__Provided data__.
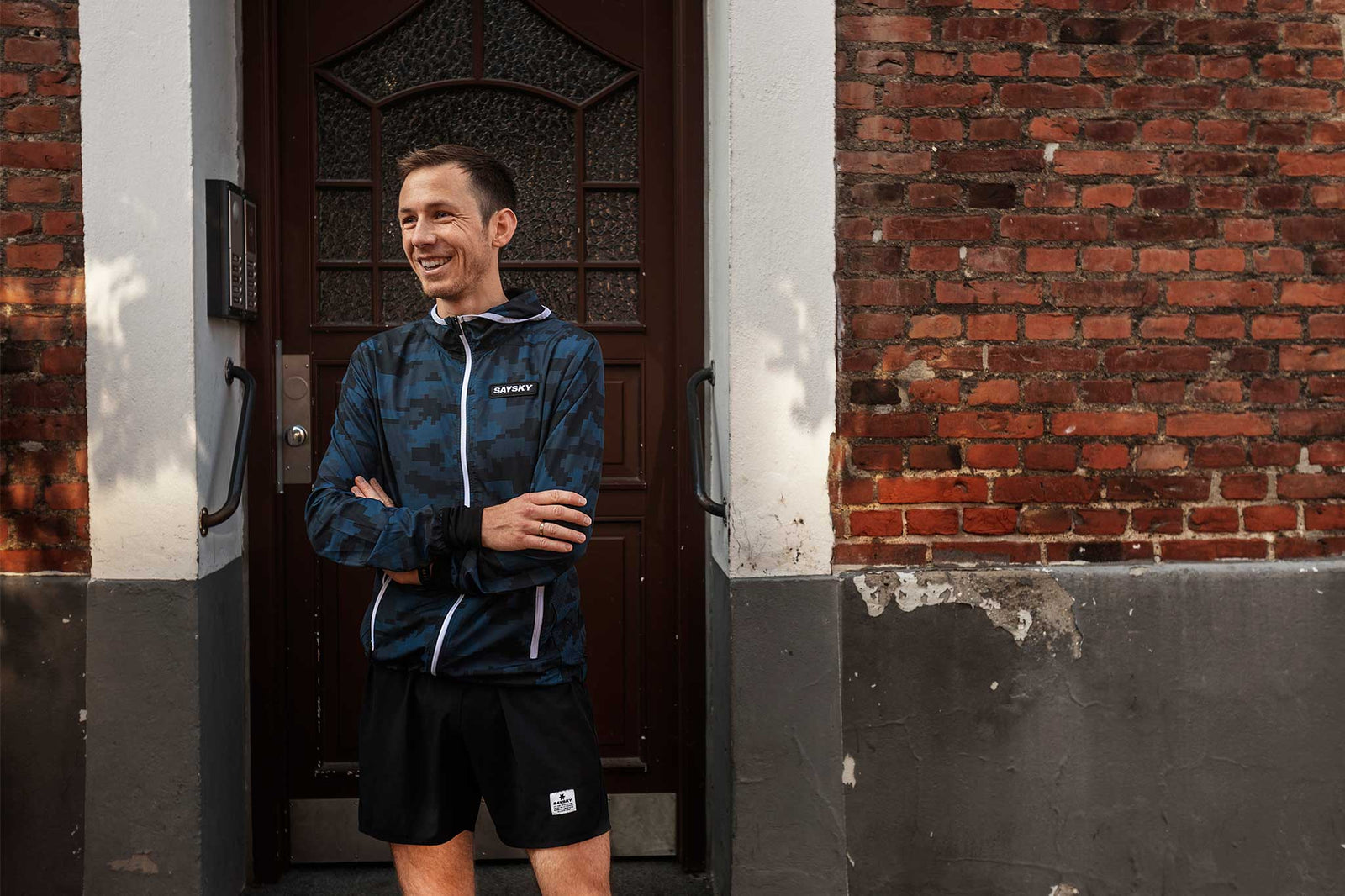 SAYSKY INTERVIEW SIMON HOLBEK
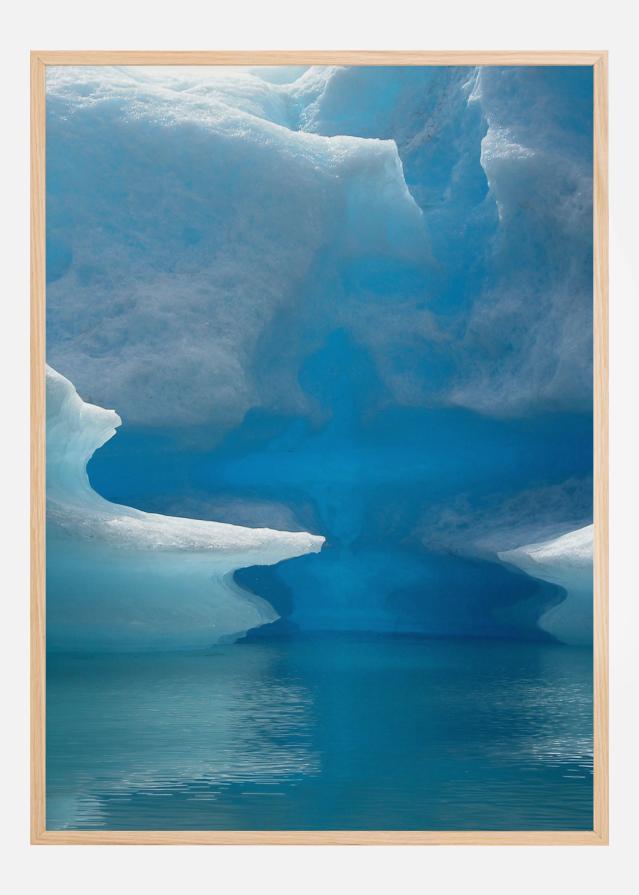 Iceberg Closeup reklaamplakat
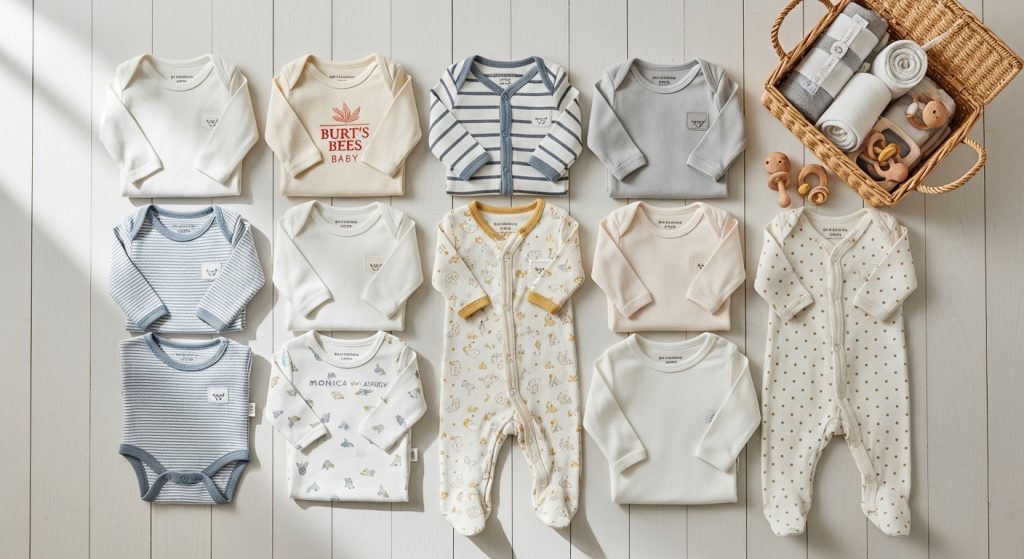 baby clothes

__What is needed__.
With the pictures omitted, give every line above again exactly.

__Solution for this problem__.
 SAYSKY INTERVIEW SIMON HOLBEK
 Iceberg Closeup reklaamplakat
 baby clothes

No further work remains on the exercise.